The Constraint Optimization series:
- Part 1: Optimization of Check Constraint Creation
- Part 2: Optimization that Violates Data Integrity
- Part 3: Optimization of Foreign Key Constraint Creation
- Part 4: (Lack of) Optimization of Unique Constraint Creation
- Part 5: Adding a Column with a Default Value and a Constraint
- Part 6: Fast but Offline, or Online but Slow?
- Part 7: Adding a Unique Constraint in an Online Way
- Part 8: Constraint Optimization Summary
In the previous post I showed that Oracle does a nice optimization when we add a new (nullable with no default value) column with an inline check constraint in a single ALTER TABLE statement.
However, there is one case where this optimization allows for data integrity violation instead of forbidding it (which makes it a bug, in this specific case, rather than an optimization). It happens when the check constraint is “column IS NOT NULL”.
I’ll setup a table with a few records for demonstrating this:
SQL> create table t (x number); Table created. SQL> insert into t select rownum from dual connect by level<=10; 10 rows created. SQL> commit; Commit complete.
First, let's try to add a column with an out-of-line constraint, so the optimization will not apply:
SQL>
SQL> ALTER TABLE T ADD (
2 C NUMBER,
3 CONSTRAINT C_CHK CHECK (C IS NOT NULL)
4 );
CONSTRAINT C_CHK CHECK (C IS NOT NULL)
*
ERROR at line 3:
ORA-02293: cannot validate (TRANZMATE_PRODUCTION.C_CHK) - check constraint violated
It failed, and that's good.
Now, let's try to add the same column with the same check constraint, but this time we'll use an inline constraint:
SQL> ALTER TABLE T ADD ( 2 C NUMBER CONSTRAINT C_CHK CHECK (C IS NOT NULL) 3 ); Table altered.
And it succeeded, although it should have failed.
So now we have a validated constraint, stating that C IS NOT NULL, and at the same time the table contains records, and in all of them C IS NULL:
SQL> select table_name,search_condition,status,validated,rely 2 from user_constraints where constraint_name='C_CHK'; TABLE_NAME SEARCH_CONDITION STATUS VALIDATED RELY ---------- -------------------- ---------- ---------- ------------ T C IS NOT NULL ENABLED VALIDATED SQL> select * from t; X C ---------- ---------- 1 2 3 4 5 6 7 8 9 10 10 rows selected.
Since we're talking about adding a nullable column with no default value to an existing table that already contains rows, specifying a check constraint that states that this column is not nullable doesn't make much sense, and if someone tries to do it it's probably their bug.
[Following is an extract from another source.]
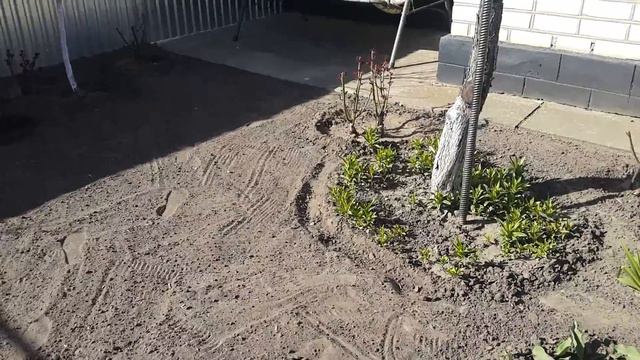 Обзор сада в апреле. смотреть онлайн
Still, it would be nice to get an error in this case, rather than violating the data integrity.
Why does it happen?
When Oracle validates some check constraint, it checks if there are records for which the constraint condition is FALSE. When the column is NULL, then usually the condition evaluates to NULL, not to FALSE, so the constraint is valid. For example, when C is NULL, then "C>0" is NULL (neither FALSE nor TRUE).
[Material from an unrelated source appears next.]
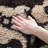 Chanhassen Shag Performance Floral Rug-645074989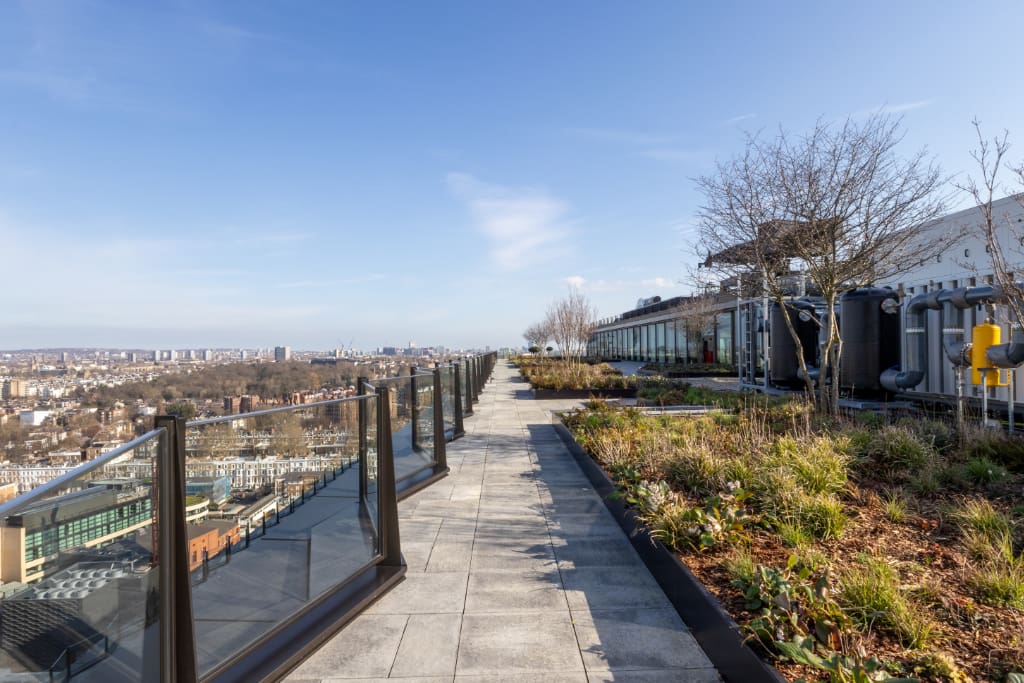 Paved roof terrace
I guess this is why Oracle skips the validation step completely as part of this optimization.
What should happen?
It's good that Oracle doesn't validate each and every record, as it's really unnecessary, but to make this optimization foolproof it should validate a single value – NULL.
Hi Oren,
It looks like the issue has already been reported:
Bug 1290306 : ADD COLUMN AND CONSTRAINT IN ONE STATEMENT – LEAVES VIOLATED CONSTRAINT
Though it is unlikely to be resolved any time soon as it has not been resolved for last 17 years.
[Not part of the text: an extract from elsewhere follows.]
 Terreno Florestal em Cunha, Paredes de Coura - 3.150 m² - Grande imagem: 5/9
For this particular case, I would go on with the NOT NULL constraint.
I understand that you probably meant a broader case with the inline CHECK constraint violating existing table data.
SQL> alter table t add c number constraint c_nn not null;
alter table t add c number constraint c_nn not null
*
ERROR at line 1:
ORA-01758: table must be empty to add mandatory (NOT NULL) column
I have been working with a lot of people confusing the NOT NULL constraint with CHECK (col is not null) – they are not the same.
Not only do they have different CDEF$.TYPE# values, but also NOT NULL constraints are usually slightly faster 🙂
Or sometimes more than slightly:
SQL> alter table t add c number constraint c_nn not null;
Table altered.
SQL> explain plan for select * from t where c is null;
Explained.
-- FTS (full table scan) was completely eliminated
SQL> @?/rdbms/admin/utlxpls
PLAN_TABLE_OUTPUT
---------------------------------------------------------------------------------------
Plan hash value: 1401356643
---------------------------------------------------------------------------
| Id | Operation | Name | Rows | Bytes | Cost (%CPU)| Time |
---------------------------------------------------------------------------
| 0 | SELECT STATEMENT | | 1 | 2 | 0 (0)| |
|* 1 | FILTER | | | | | |
| 2 | TABLE ACCESS FULL| T | 1 | 2 | 3 (0)| 00:00:01 |
---------------------------------------------------------------------------
Predicate Information (identified by operation id):
---------------------------------------------------
1 - filter(NULL IS NOT NULL)
SQL> alter table t add ck number constraint c_ck check(ck is not null);
Table altered.
SQL> explain plan for select * from t where ck is null;
Explained.
-- Here we scan data
SQL> @?/rdbms/admin/utlxpls
PLAN_TABLE_OUTPUT
----------------------------------------------------------------------------------------------------
Plan hash value: 2153619298
--------------------------------------------------------------------------
| Id | Operation | Name | Rows | Bytes | Cost (%CPU)| Time |
--------------------------------------------------------------------------
| 0 | SELECT STATEMENT | | 1 | 2 | 3 (0)| 00:00:01 |
|* 1 | TABLE ACCESS FULL| T | 1 | 2 | 3 (0)| 00:00:01 |
--------------------------------------------------------------------------
Predicate Information (identified by operation id):
---------------------------------------------------
1 - filter("CK" IS NULL)
To top it off the optimizer is aware of differences between NOT NULL and CHECK constraints and does not generate a transitive predicate in the second case above, such as one NULL IS NOT NULL in the first case.
Otherwise, we would have ended up with wrong results in the second case.